ACTION ITEM
Everything in the data should be repeated exactly, save for the images.

== RECORD EXTRACTS ==

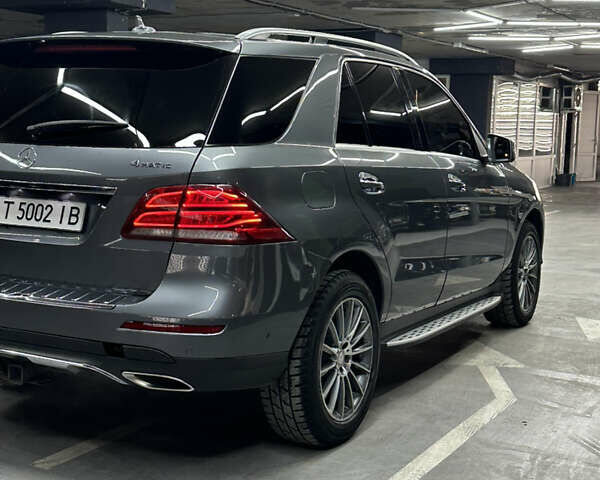 Серый Мерседес ГЛЕ-Класс, объемом двигателя 3.5 л и пробегом 170 тыс. км за 25999 $, фото 6 на Automoto.ua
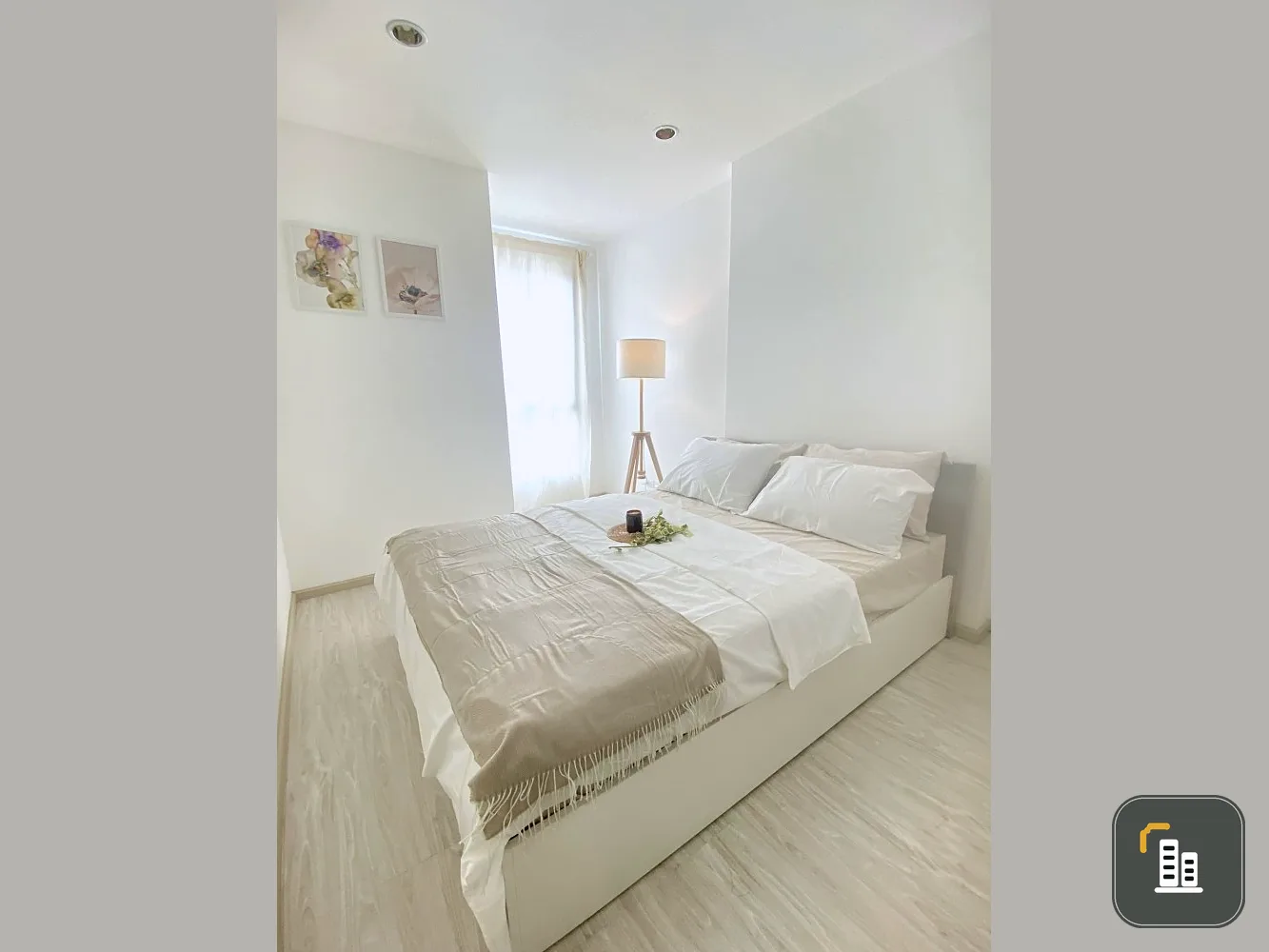 For sale, for rent, Ideo Mobi Wong Sawang Interchange, north facing, cool and comfortable, decorated in a minimalist style, very livable.
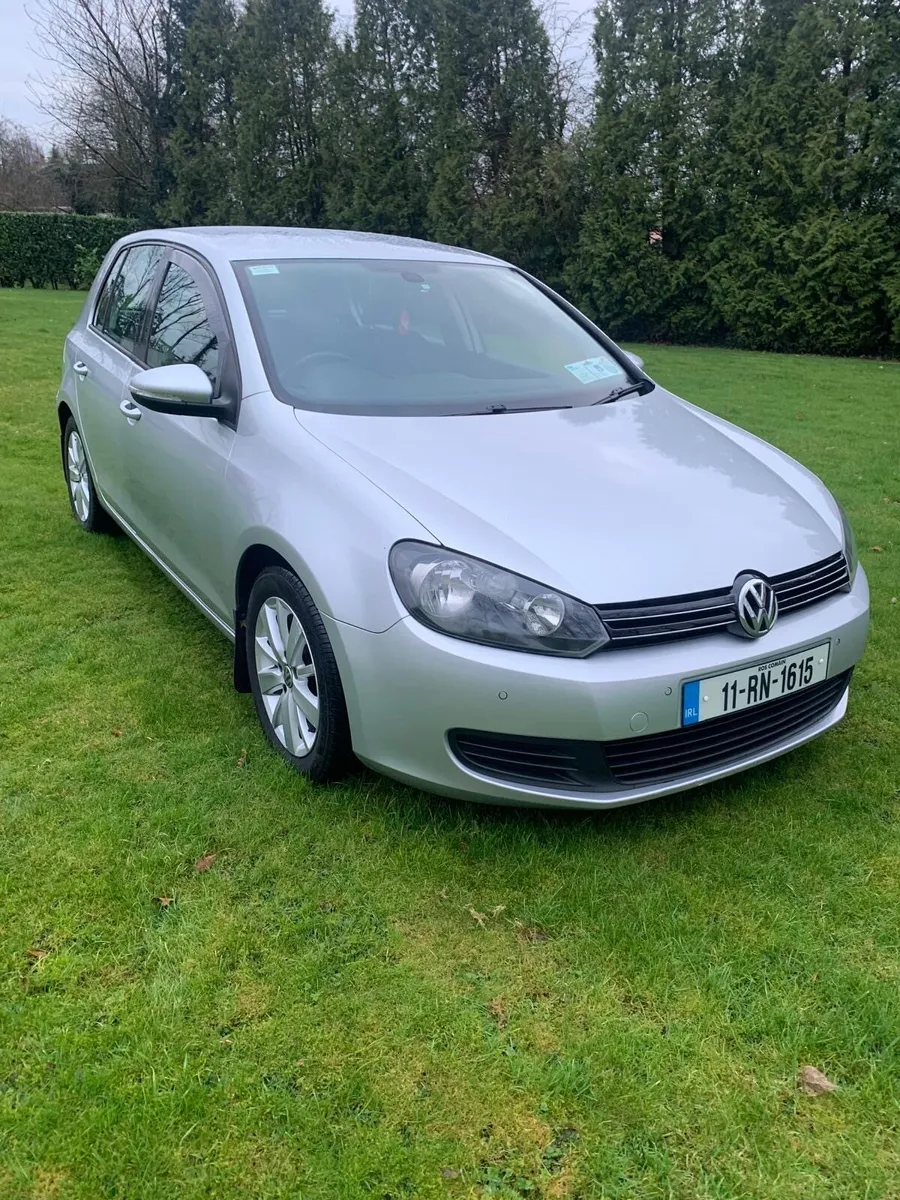 11 VW GOLF 1.6 - Image 1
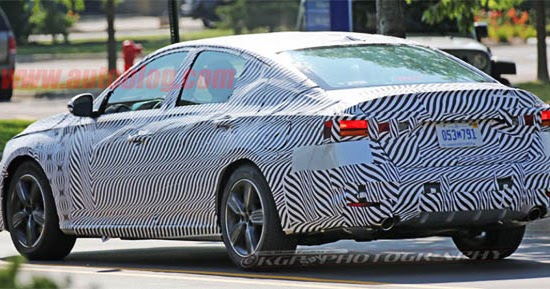 Burlappcar: 2019 Nissan Altima Burlappcar: 2019 Nissan Altima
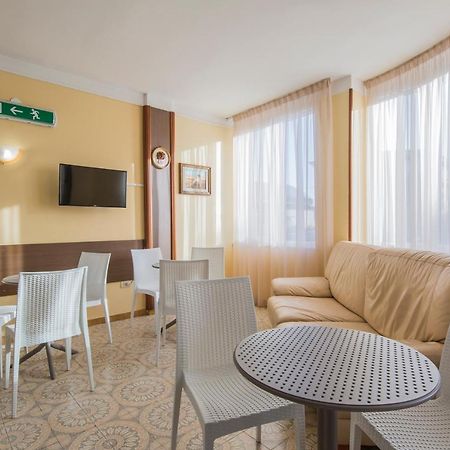Hotel Rosy Battipaglia Exteriér fotografie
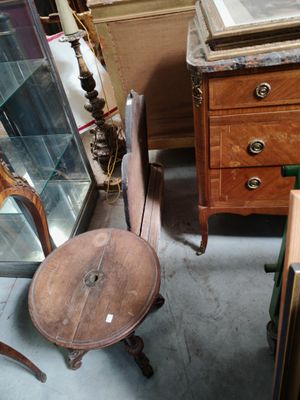une petite table et une chaise dans une pièce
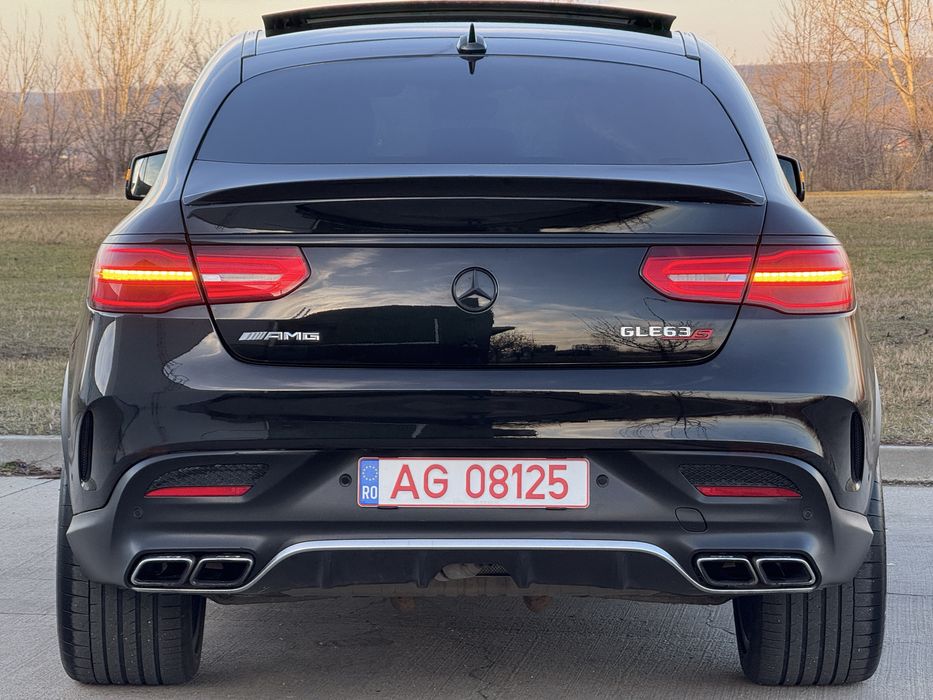Mercedes-Benz GLE COUPE 63S 585cp AMG/ACC/Lane/Side/Pano/H&K/Vent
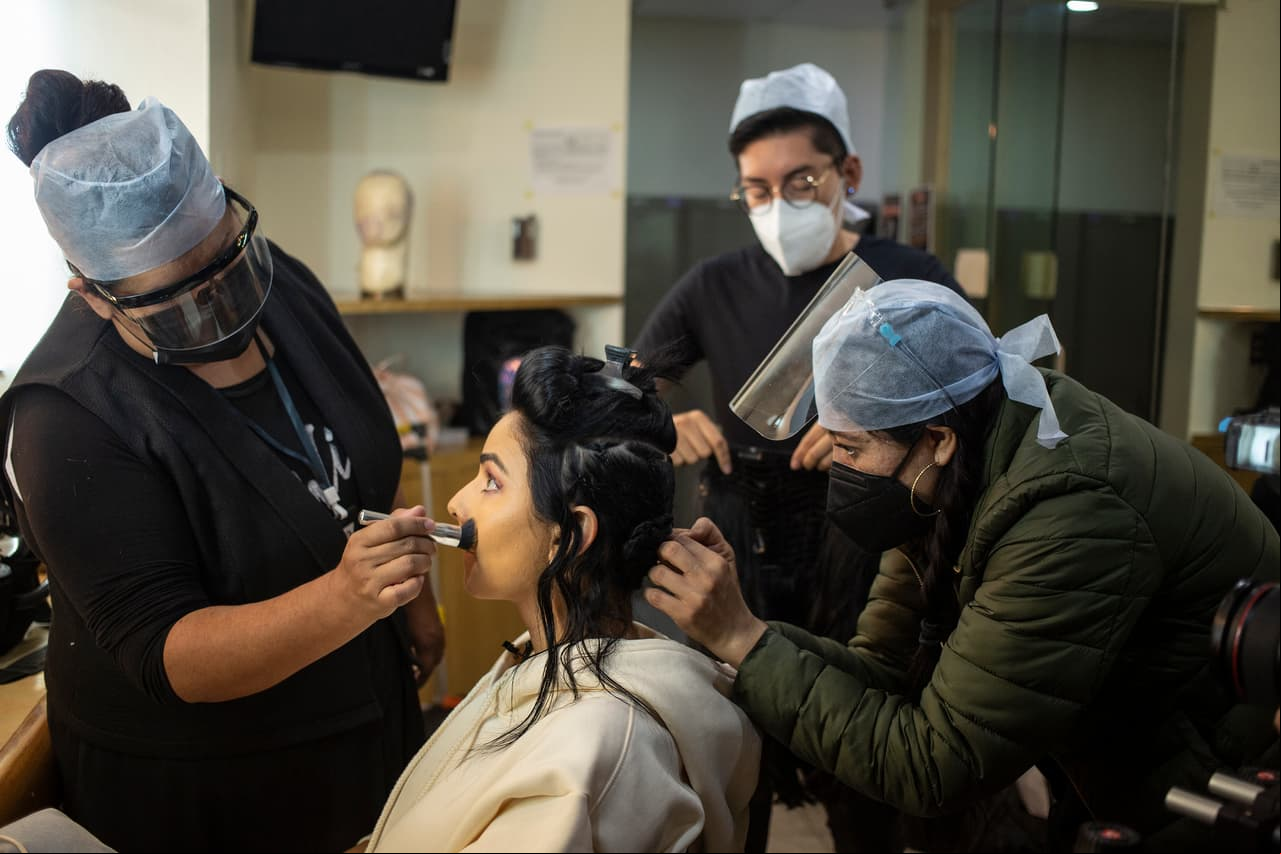Aunque el equipo la retoca con el maquillaje de la producción, ella procura llevar sus propios productos.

===

FINISHED EXERCISE
 Серый Мерседес ГЛЕ-Класс, объемом двигателя 3.5 л и пробегом 170 тыс. км за 25999 $, фото 6 на Automoto.ua
 For sale, for rent, Ideo Mobi Wong Sawang Interchange, north facing, cool and comfortable, decorated in a minimalist style, very livable.
 11 VW GOLF 1.6 - Image 1
 Burlappcar: 2019 Nissan Altima Burlappcar: 2019 Nissan Altima
Hotel Rosy Battipaglia Exteriér fotografie
une petite table et une chaise dans une pièce
Mercedes-Benz GLE COUPE 63S 585cp AMG/ACC/Lane/Side/Pano/H&K/Vent
Aunque el equipo la retoca con el maquillaje de la producción, ella procura llevar sus propios productos.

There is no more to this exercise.